OH|ID is a service run by the State of Ohio. It complies with state information technology policies as well as federal NIST 800-53 and NIST 800-63 AAL2 guidelines to protect your privacy and security. 

Your Information is Your Business

To make your OH|ID account secure, we need your legal name, email address, and date of birth. We also ask for a phone number or alternate email address, which we will use to help you recover your password if you forget it or it expires. 

Some agencies and applications that use OH|ID may require you to provide additional information to confirm your identity. This extra layer of security allows us to make sure you are you and not someone pretending to be you.

We use the information that you submit to OH|ID only to create or update your account or confirm your identity. We do not share, lease, or sell your information to anyone. Review our Privacy Notice and Policies for more information on how your information is collected, saved, and used.

Use a Strong Password

OH|ID requires strong passwords to protect your account. Our requirements follow state security policies and leading security practices. These requirements are provided for you each time you create or change your password.

OH|ID passwords must be between 8 and 30 characters long. They must contain both upper-case and lower-case letters and at least one number and one special character. They cannot include your first or last name or your OH|ID.

To choose the strongest password possible, follow these suggestions (Source: FTC.gov):

  • Longer means stronger. Choose a phrase of three or four words instead of a single word. OH|ID passwords can be up to 30 characters long.
  • Stay random.
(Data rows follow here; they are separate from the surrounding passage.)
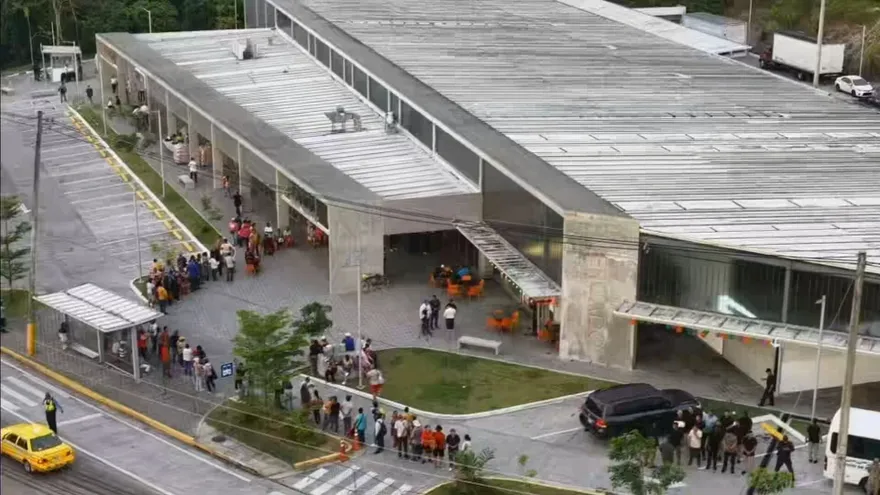 Shoppers buying affordable staple foods at a permanent IMA store in Alcalde Díaz, Panama
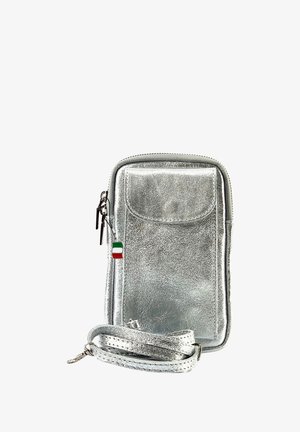 Silberne metallische Umhängetasche mit glatter Textur, Reißverschlussöffnung, Fronttasche und verstellbarem Tragegurt. Mit einem kleinen Charme in Form der italienischen Flagge.
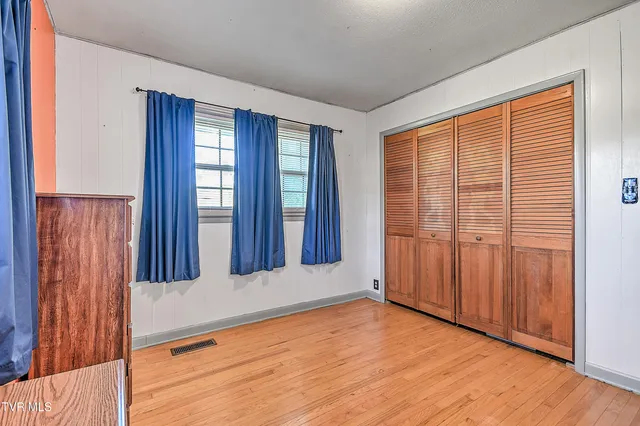 $320,000 | 2856 Watauga Road, Johnson City, TN 37601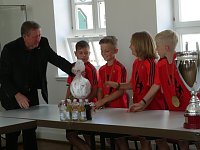 Bild: Helmut Funke &uuml;bergibt einen Fu&szlig;ball
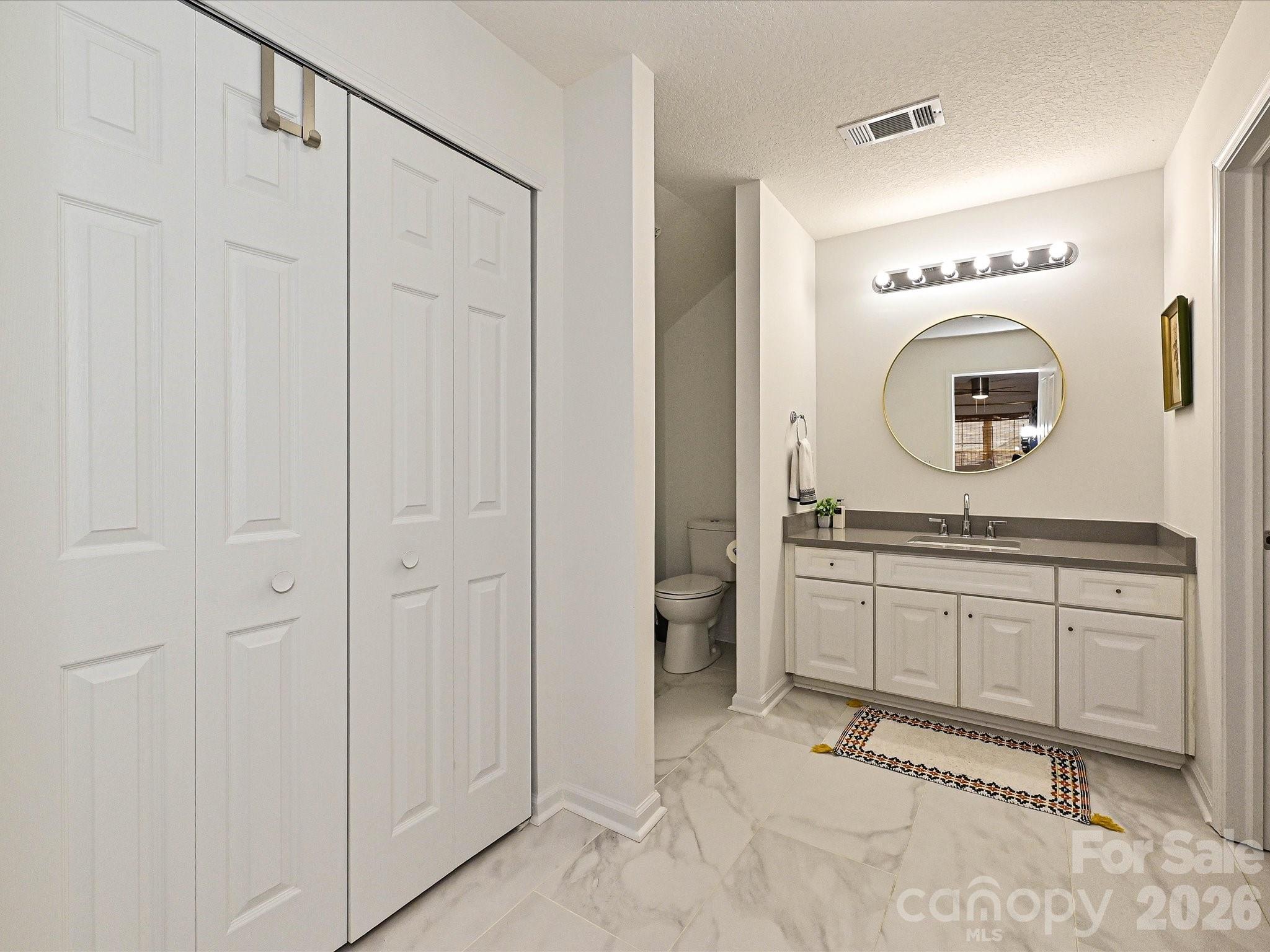 3520 S Bank Court — Matthews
Do not use common words or phrases. Instead choose words that mean something to you but would not make sense to others. For example, “mothPl@sticGr33n” is a stronger password than “gobucks0$U2022.”
  • One password, one account. Do not use the same password on OH|ID that you use for other accounts. 

Protect your passwords like you would your house keys. Do not share your passwords with others or write them down where others may find them. Consider using a password manager, which is a software program or app that remembers your passwords for you and helps you securely log into your accounts.

Going an Extra Step for Your Security

Some OH|ID agencies and applications use an extra process to make your login even safer. This process is commonly called two-step verification, multi-factor authentication, or MFA. In addition to your user name and password, a system using two-step verification will ask you for a one-time personal identification number, also called a PIN. This PIN is provided to you via text message, voice message, or email. You will choose at least two ways to get your PIN when you are asked to set up two-step verification. Whenever a change is made to your two-step verification, you will be notified by email.